The first months of the merger were chaotic but not, as some expected, acrimonious. By 1998, Chattanooga was one of the few mid-size towns in America that had continued to have two family-owned newspapers. It had been just a matter of time until a merger of some sort occurred because of generational issues in the ownership families and the financial imperatives of the newspaper business.
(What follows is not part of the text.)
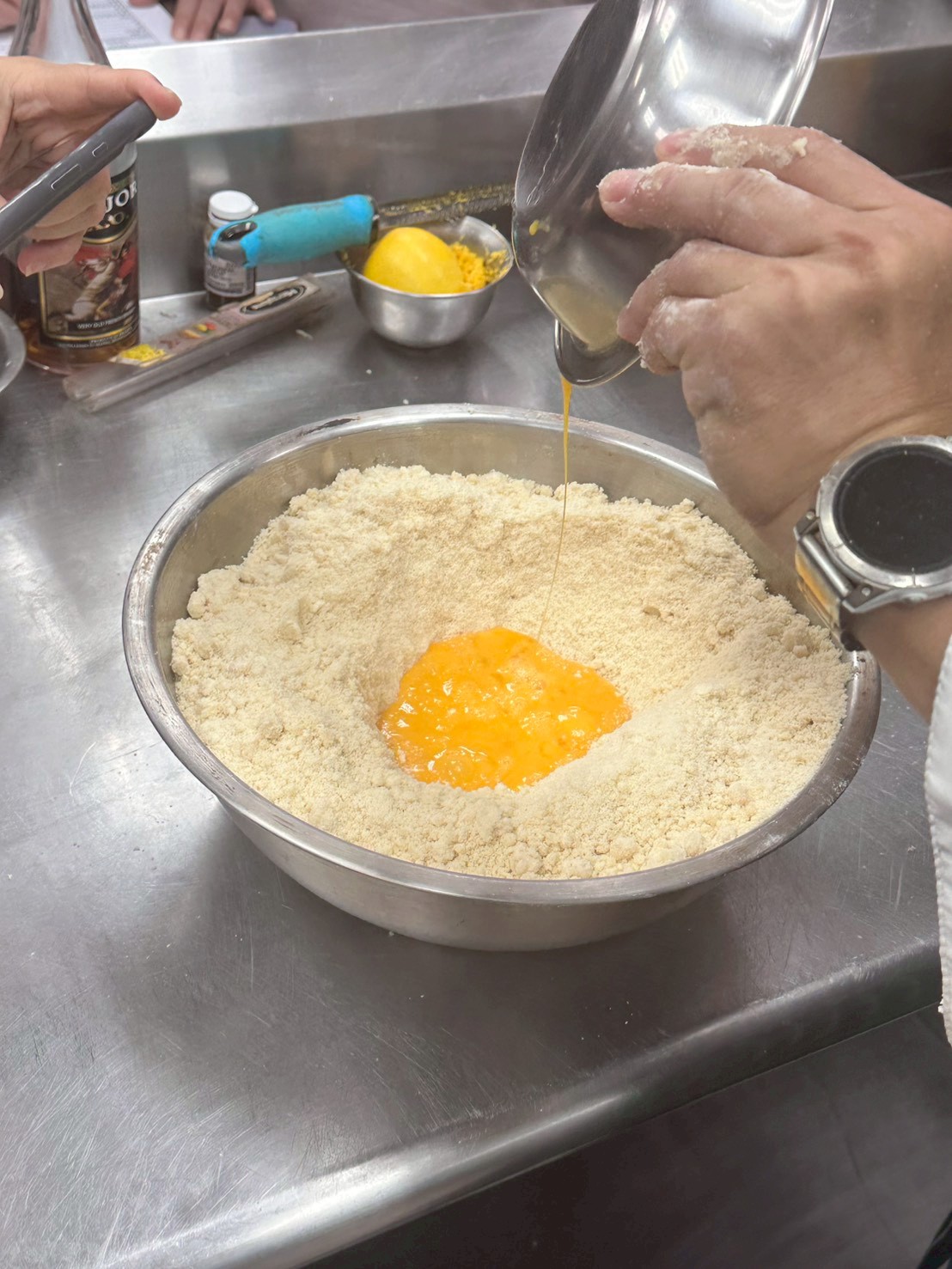 乾性材料混合好才可以放溼性材料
I remember Hussman saying on numerous occasions in 1998 that he wanted the Times Free Press to become the best newspaper its size in America, and that he wanted to preserve the separate editorial page voices of the liberal Times and the conservative Free Press. As it turns out, it was more than an idle promise, it was darn near a covenant. The two editorial pages remain, and recent investments in a new printing press and a larger-than-industry-average news staff shows that the newspaper's out-of-state owners are still holding up their end of the deal.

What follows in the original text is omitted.